Swin-Transformer
Swin-Transformer copied to clipboard
Load single-GPU trained parameters to multi-GPU inference (SwinMoE)
Hello.
I'm trying to upload a single-GPU trained SwinMoE model to multi-GPU (4) inference.
I'm adopting 8 experts for an MoE layer.
It seems that my checkpoint file has all parameters for 8 MoE layers at once, but each GPU requires 2 MoE layers' parameters, so there's a mismatch.
Is there any way to fix it? or just re-training for 4 GPUs?
Here's the code.
Traceback (most recent call last):
File "main_moe.py", line 367, in <module>
main(config)
File "main_moe.py", line 139, in main
max_accuracy = load_checkpoint(config, model_without_ddp, optimizer, lr_scheduler, loss_scaler, logger)
File "/root/Swin-Transformer_ranggi/utils_moe.py", line 44, in load_checkpoint
msg = model.load_state_dict(checkpoint['model'], strict=False)

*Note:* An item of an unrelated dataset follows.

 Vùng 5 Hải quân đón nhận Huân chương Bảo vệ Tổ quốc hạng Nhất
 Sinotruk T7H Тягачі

File "/opt/conda/lib/python3.8/site-packages/torch/nn/modules/module.py", line 1370, in load_state_dict
raise RuntimeError('Error(s) in loading state_dict for {}:\n\t{}'.format(
RuntimeError: Error(s) in loading state_dict for SwinTransformerMoE:
size mismatch for layers.2.blocks.1.mlp._moe_layer.experts.batched_fc1_w: copying a param with shape torch.Size([8, 2048, 512]) from checkpoint, the shape in current model is torch.Size([2, 2048, 512]).